At two months, JF looked up at me and broke out into a wide open loopy grin and I felt that everything was right in my world. A couple months later, I watched him, a proud papa, as he boxed up on hands and knees and tried to crawl, again and again and again, finally succeeding—backwards!

Rachel was still breastfeeding, but at five months her milk supply was inadequate for JF and she had intense inflammation in her right breast, as well as a lump. She figured she had a blocked milk duct and went to see Dr. Bloom.

Dr. Bloom said it didn’t present as a blocked milk duct and referred her for a mammogram and ultrasound. The lump was biopsied and Rachel was diagnosed with Stage 2 breast cancer with involvement of the nearby lymph nodes. It stealthed backwith a vengeanceyears later when JF was a teenager.

Apparently, pregnancy and the huge influx of hormones flooding Rachel’s system had triggered and accelerated the growth of cancer. She moved back to her own apartment for her treatment and Natalie went with her to help out, taking JF as well.
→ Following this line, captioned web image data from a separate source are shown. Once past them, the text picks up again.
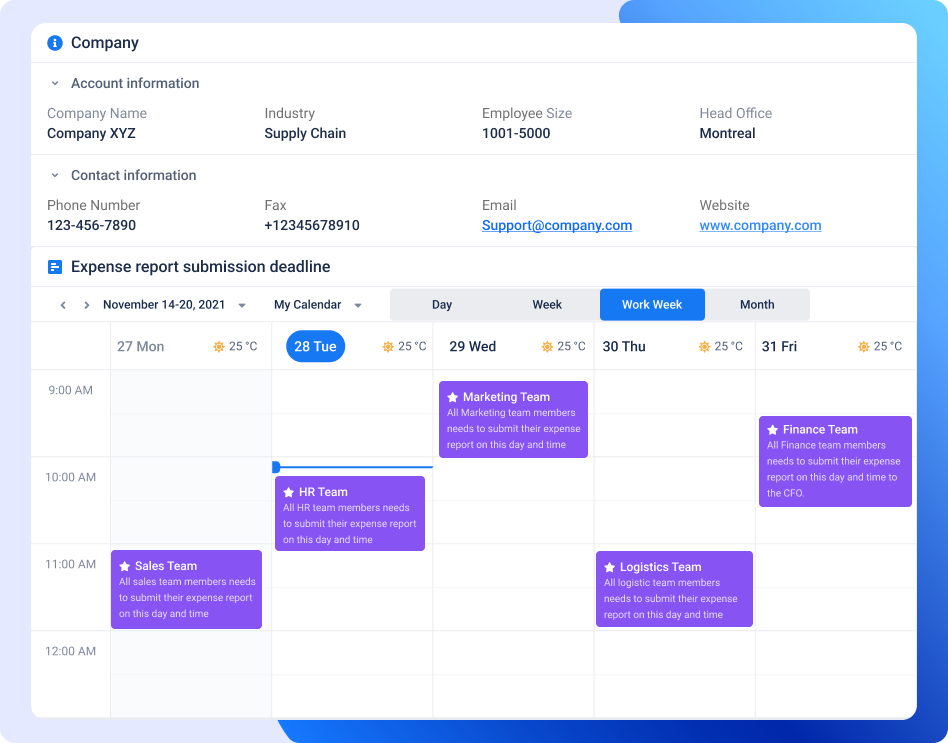 Calendar expense reimbursement 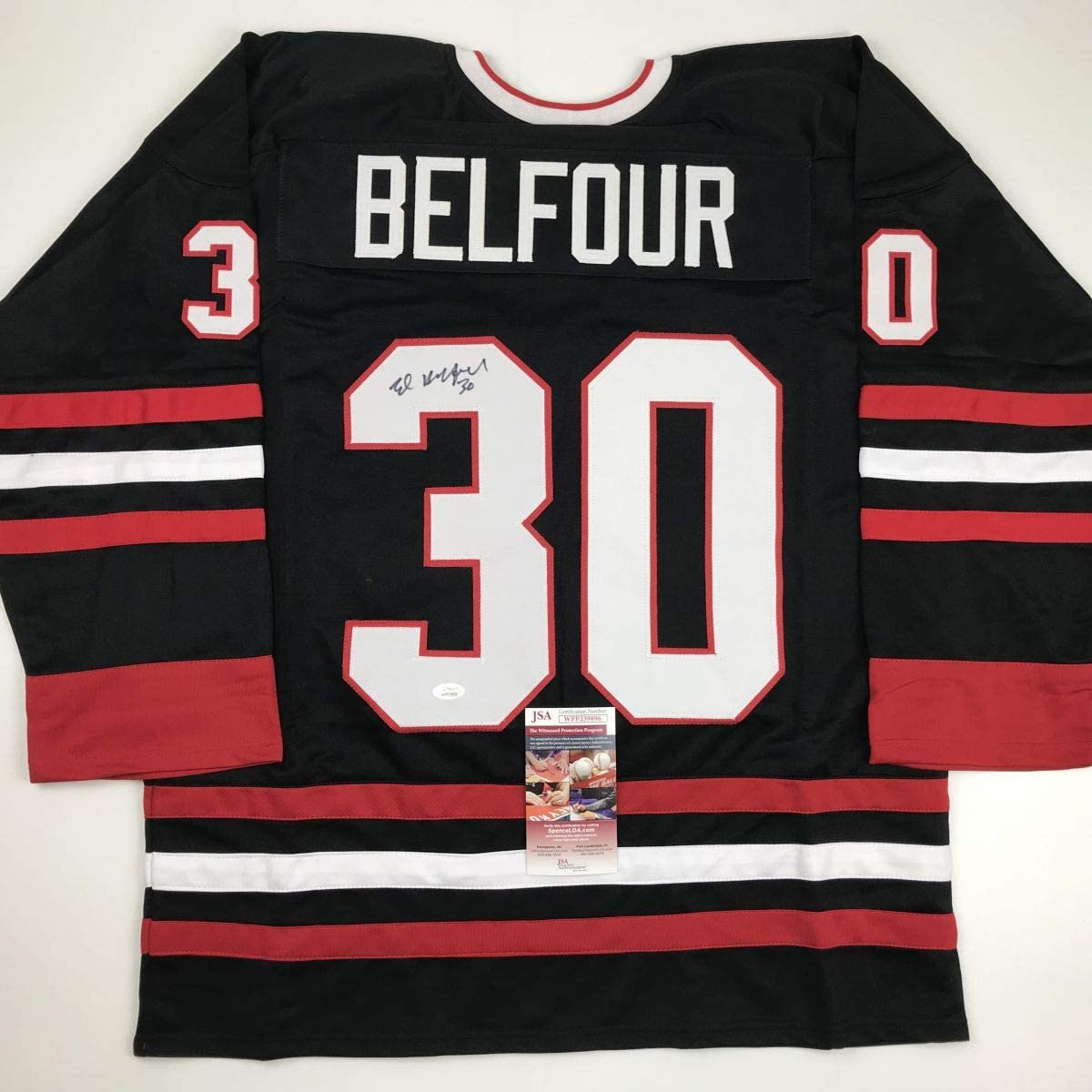 autographed-signed-ed-belfour-chicago-black-hockey-jersey-jsa-coa
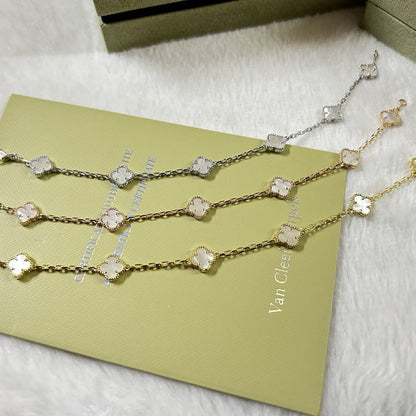 [Royal Jewelry]CLOVER 6 MOTIF WHITE MOP BRACELET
Natalie nursed her best friend and also took care of the baby. I helped out as much as I could, taking JF to our place and looking after him when Natalie accompanied Rachel to all of her treatment appointments.

When JF was a year old, after all the guests went home from his birthday party at Rachel’s apartment where he toddled over to me for the first time, Natalie told me that she needed to talk. Rachel was cleaning up, JF soldered to her hip.

“I don’t know if this will come as a surprise,” she started.

“What?” I couldn’t think.

“We’ve fallen in love.”

It was a moment that came as a shock and yet wasn’t a surprise at all, simply inevitable.I shook my head, laughed low in my throat.

“So you think it’s funny?” Natalie said, flashing her dark eyes at me.

“I was just remembering our talks about custody and when we would tell JF who his parents are, who his biological mother is.”

“So?”

“Won’t be an issue now.”

“Right.”

So JF grew up with two mothers that he adored and a father who came in and out of his life, alighting here and there. He thought of his parents as his two mommies and me as a kind of uncle. When he was two and I came to pick him up for an outing to the zoo, he looked up at me and asked, “Are you my daddy?”